* **Material to process**:
-- Opening Marker --

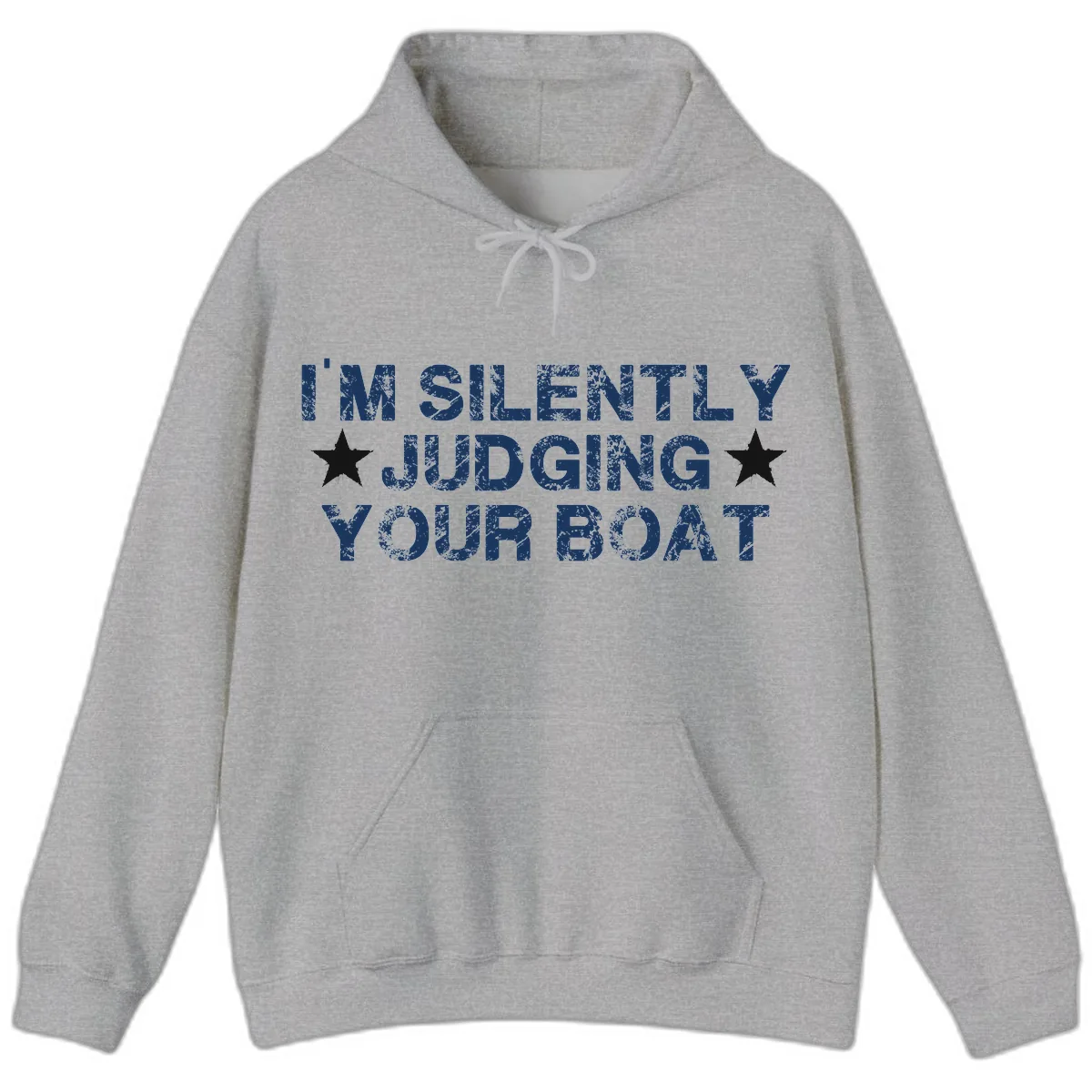 I'm Silently Judging Your Boat Hoodie in Sport Grey
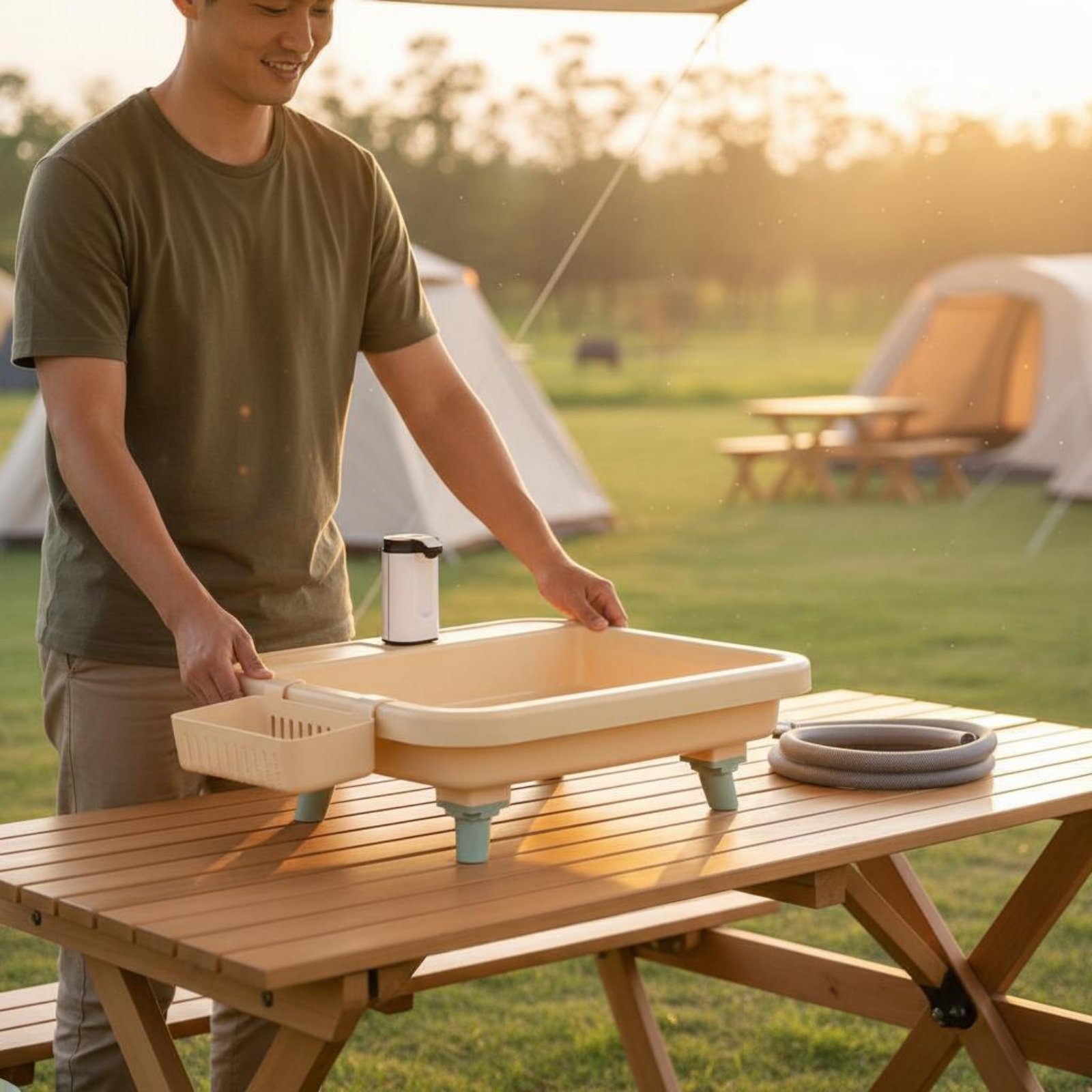 Portable Hand Washing Station  - Outdoor Camp ulasan dan harga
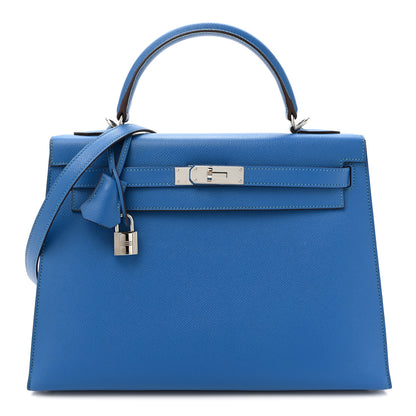 Hermes Epsom Kelly Sellier 32 Mykonos 1 of 10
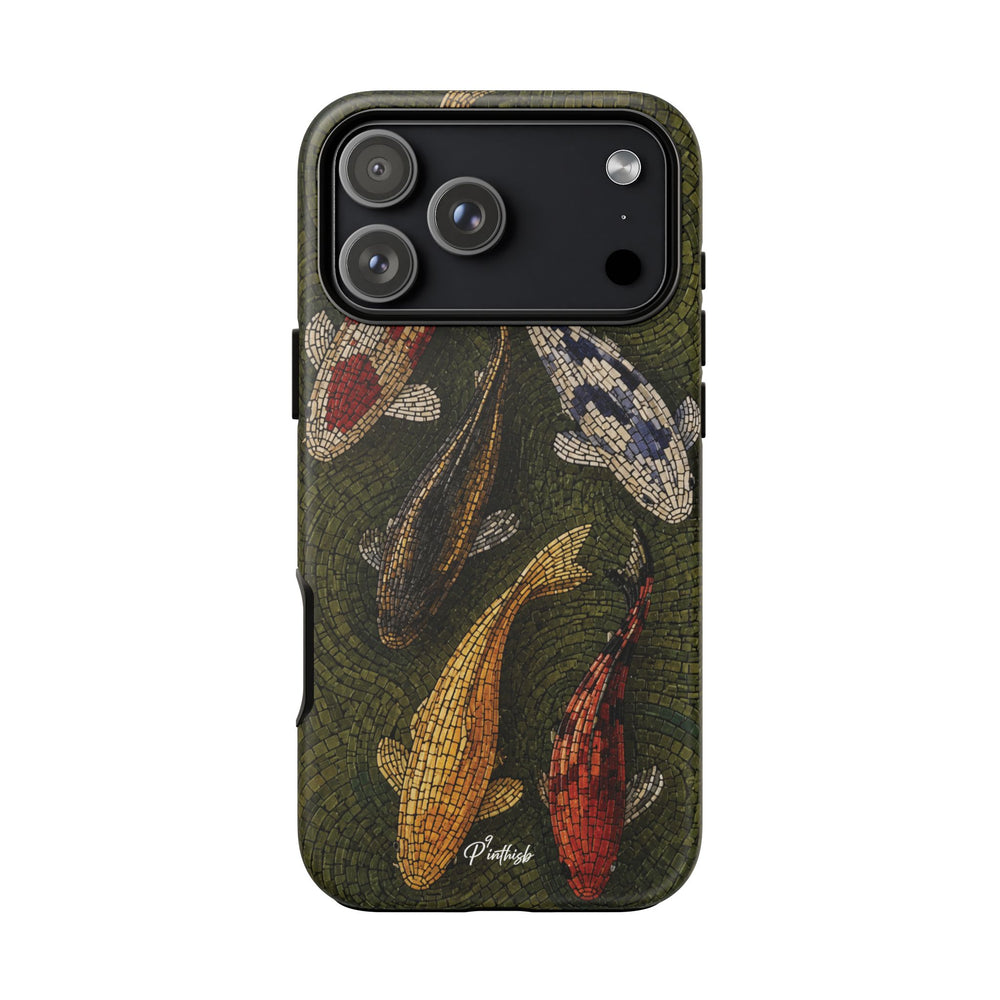 Fish Pond Tough Phone Case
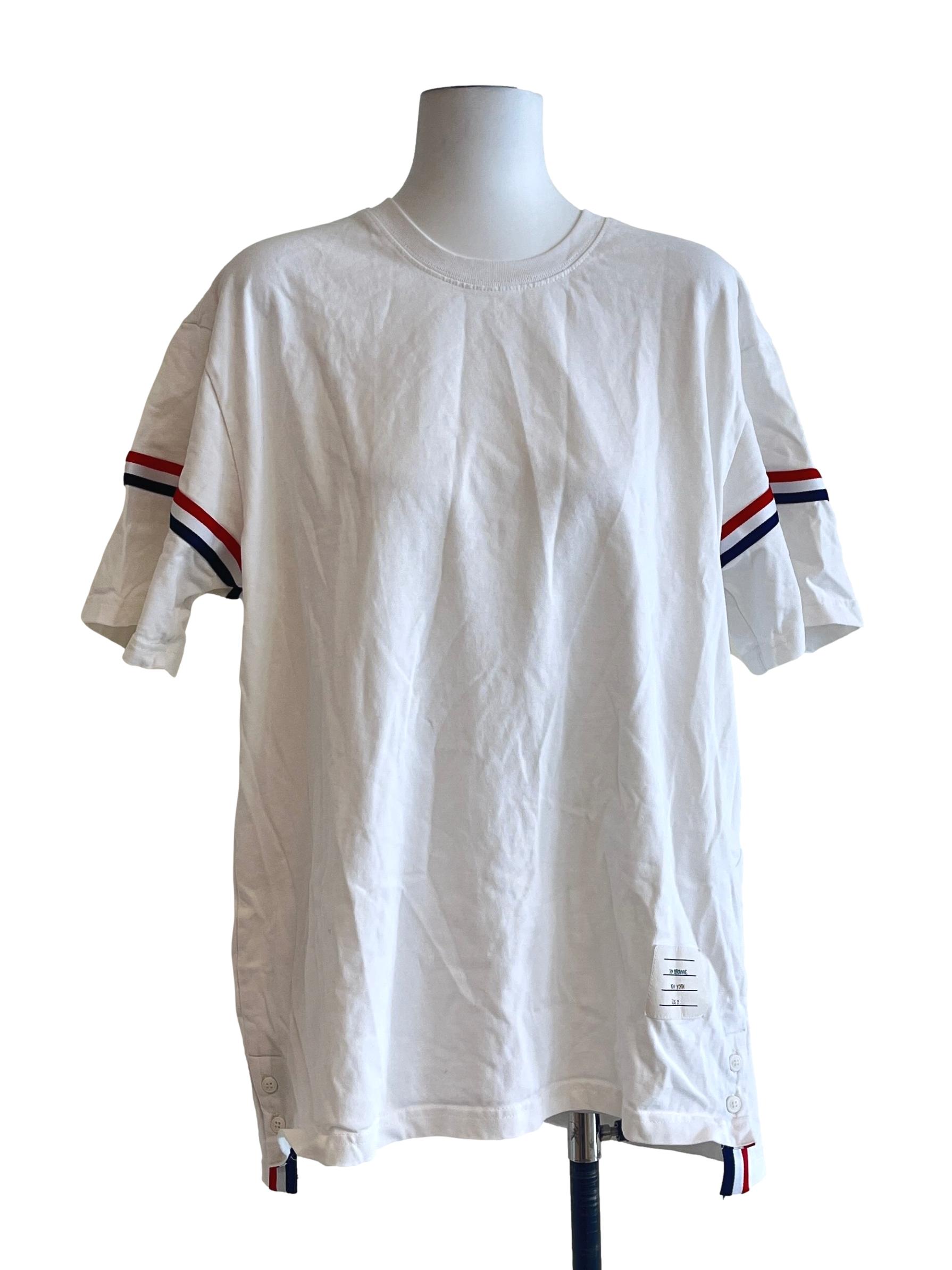 Daisy White Crew Neck Shirt
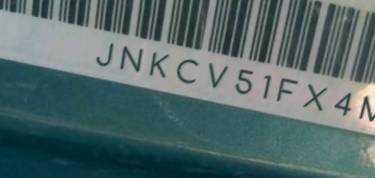 VIN prefix JNKCV51FX4M7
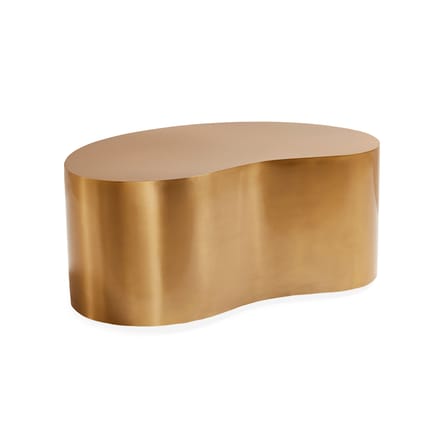 Brass Kidney Small Coffee table metal gold / 76 x 45 x H 33 cm - Jonathan Adler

-- Closing Marker --

* **What needs to be done**: Leaving every picture behind, retype the entries above exactly, from the first line through the line with "VIN prefix JNKCV51FX4M7", and stop there.

* **Reply**:
 I'm Silently Judging Your Boat Hoodie in Sport Grey
 Portable Hand Washing Station  - Outdoor Camp ulasan dan harga
 Hermes Epsom Kelly Sellier 32 Mykonos 1 of 10
 Fish Pond Tough Phone Case
 Daisy White Crew Neck Shirt
 VIN prefix JNKCV51FX4M7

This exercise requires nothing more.